Leaving out pictures, output exactly the lines below from the one that has "Sweet cakes or" through the one that has "A lively social", and nothing else.

Records to process ->
================================
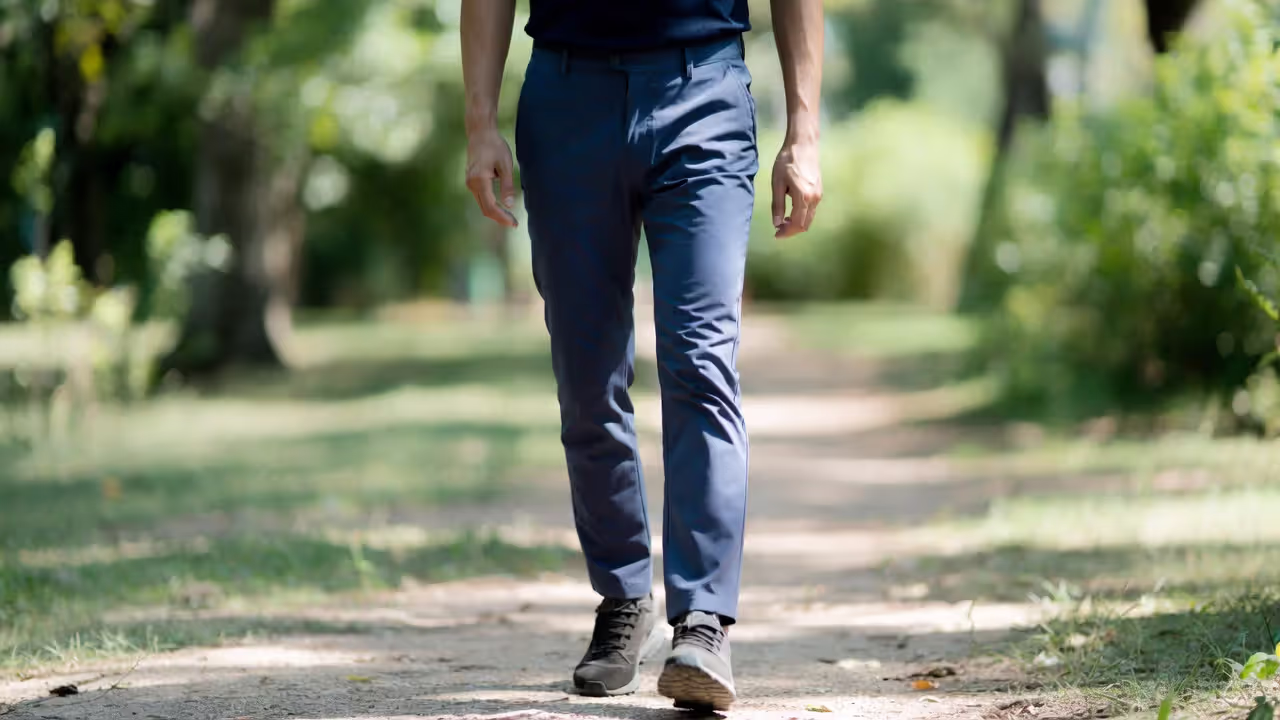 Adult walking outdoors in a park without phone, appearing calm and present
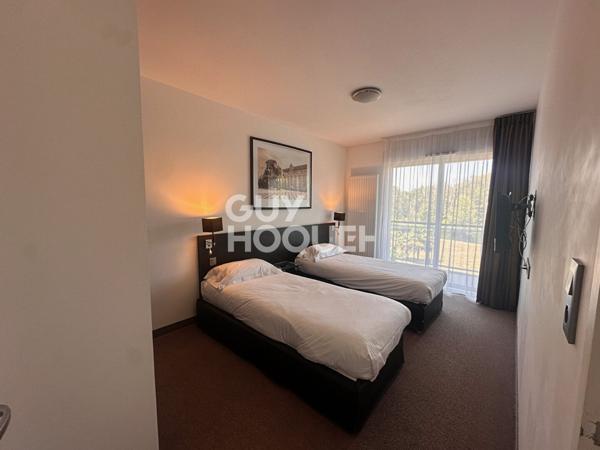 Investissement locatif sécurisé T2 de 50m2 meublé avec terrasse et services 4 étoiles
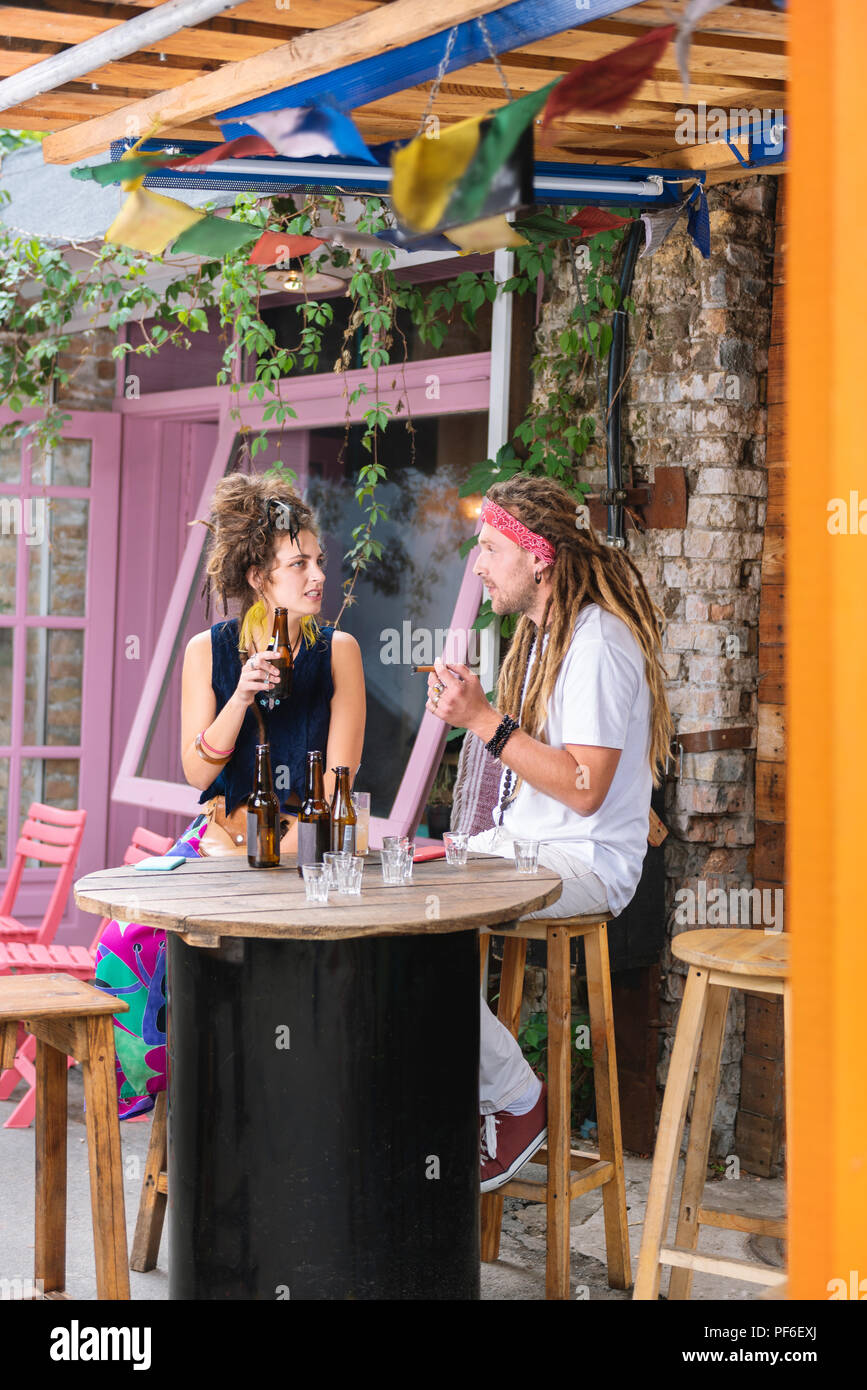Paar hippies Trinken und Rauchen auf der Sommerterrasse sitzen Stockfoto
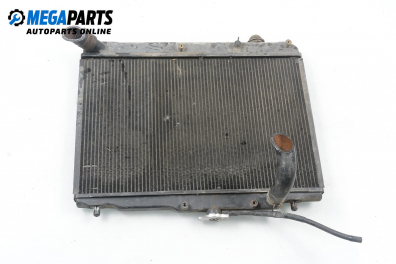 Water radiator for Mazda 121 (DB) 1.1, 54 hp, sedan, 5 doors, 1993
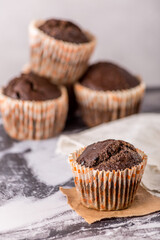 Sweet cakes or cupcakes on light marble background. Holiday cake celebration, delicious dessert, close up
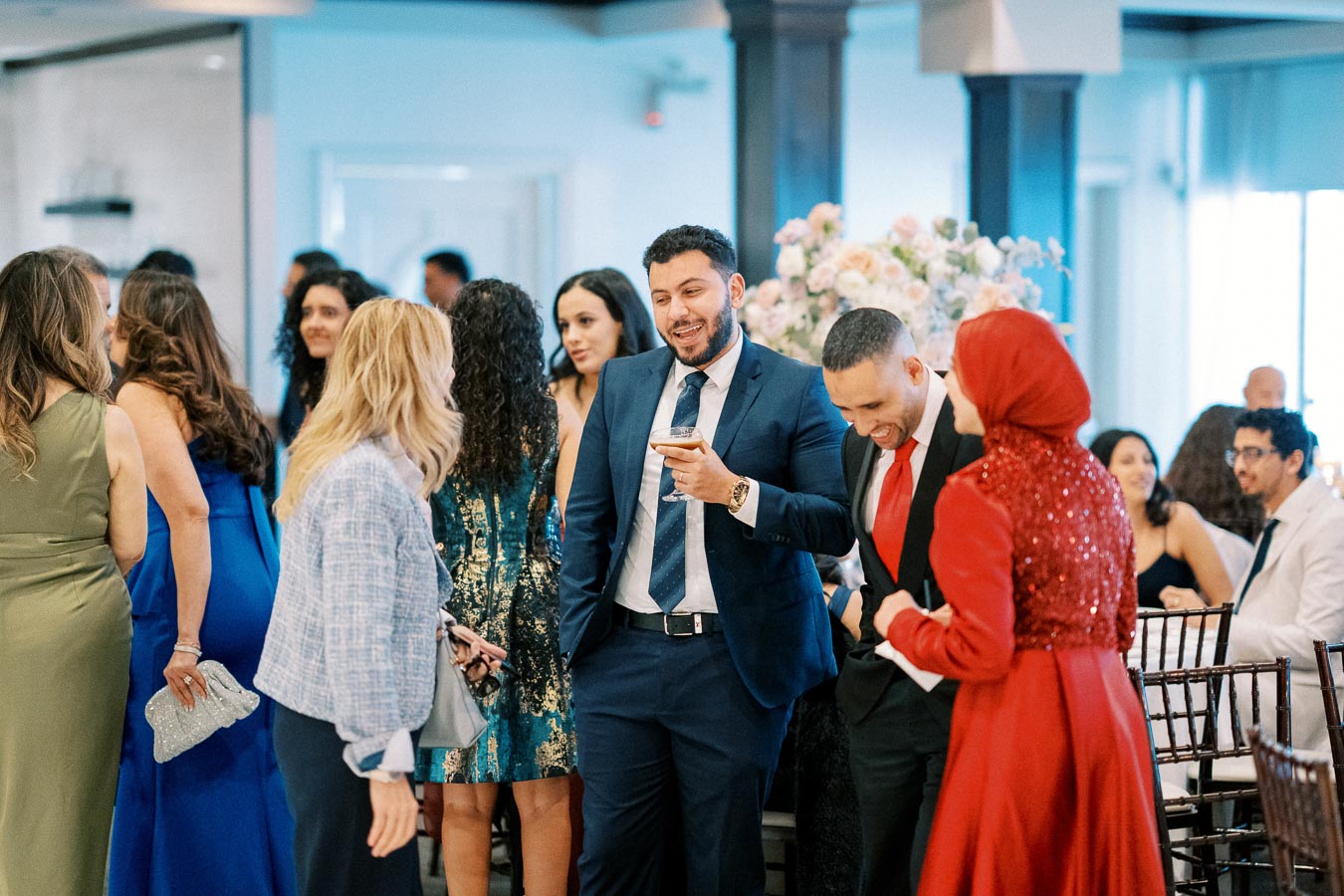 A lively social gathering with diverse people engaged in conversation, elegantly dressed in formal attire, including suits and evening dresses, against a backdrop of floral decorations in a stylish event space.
================================
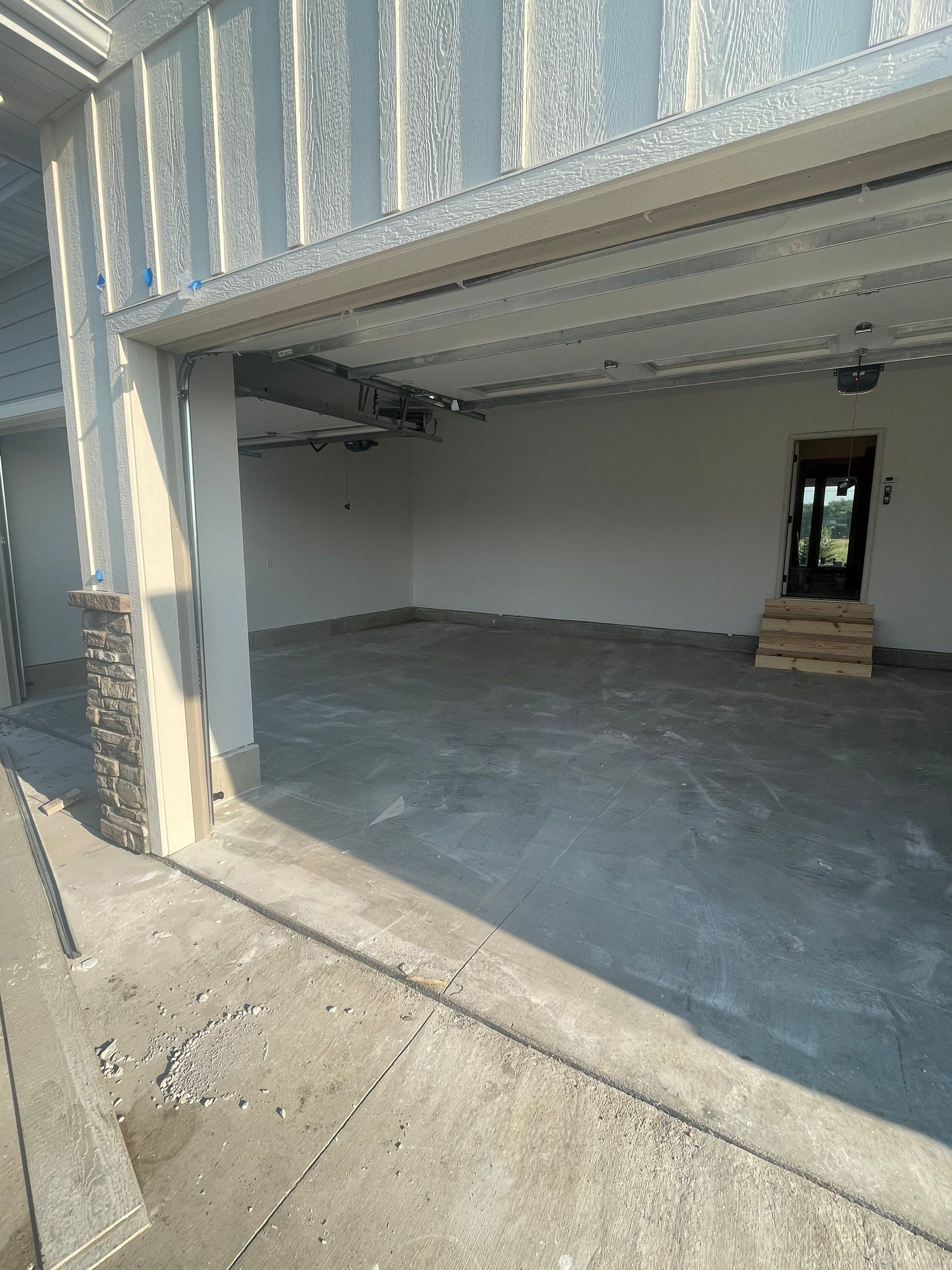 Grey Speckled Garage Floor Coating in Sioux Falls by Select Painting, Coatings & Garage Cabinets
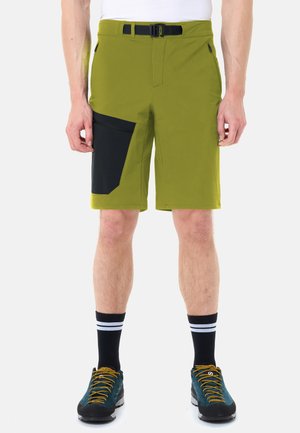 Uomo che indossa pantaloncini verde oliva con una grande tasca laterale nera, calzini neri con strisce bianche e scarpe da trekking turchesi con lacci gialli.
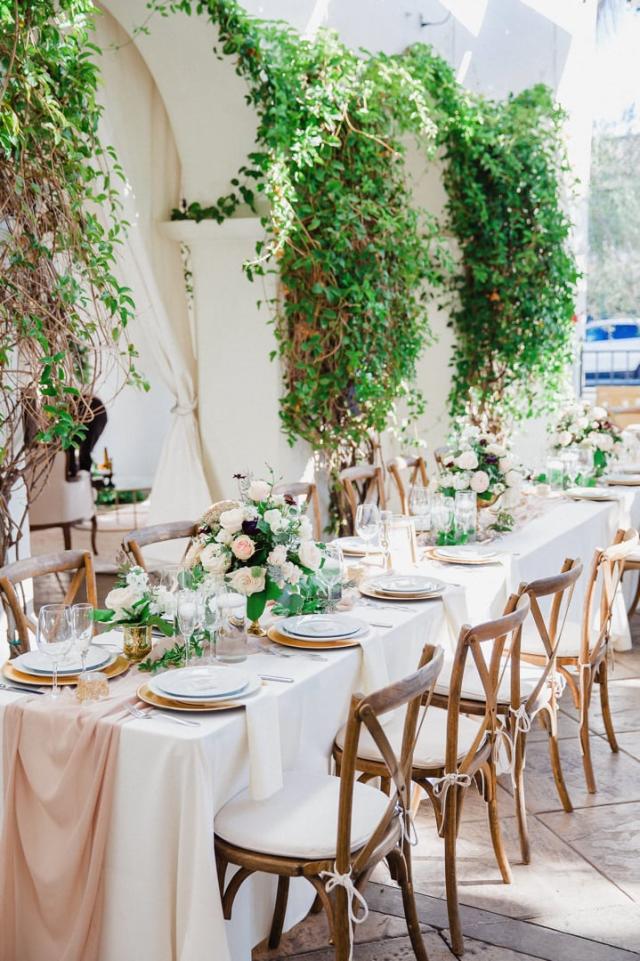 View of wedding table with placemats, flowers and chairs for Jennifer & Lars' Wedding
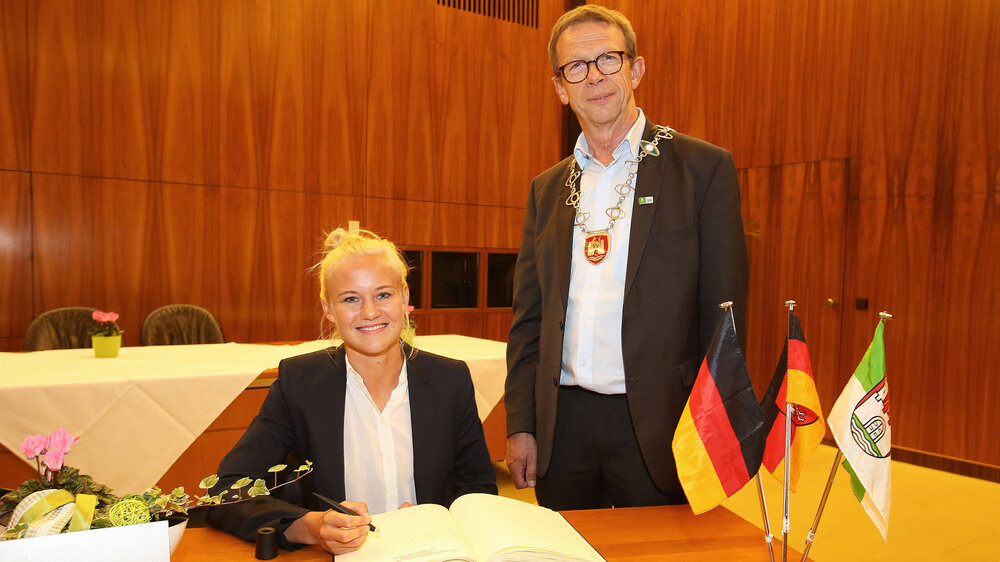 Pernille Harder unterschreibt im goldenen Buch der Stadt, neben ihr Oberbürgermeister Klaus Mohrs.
================================
Task solution ->
 Sweet cakes or cupcakes on light marble background. Holiday cake celebration, delicious dessert, close up
 A lively social gathering with diverse people engaged in conversation, elegantly dressed in formal attire, including suits and evening dresses, against a backdrop of floral decorations in a stylish event space.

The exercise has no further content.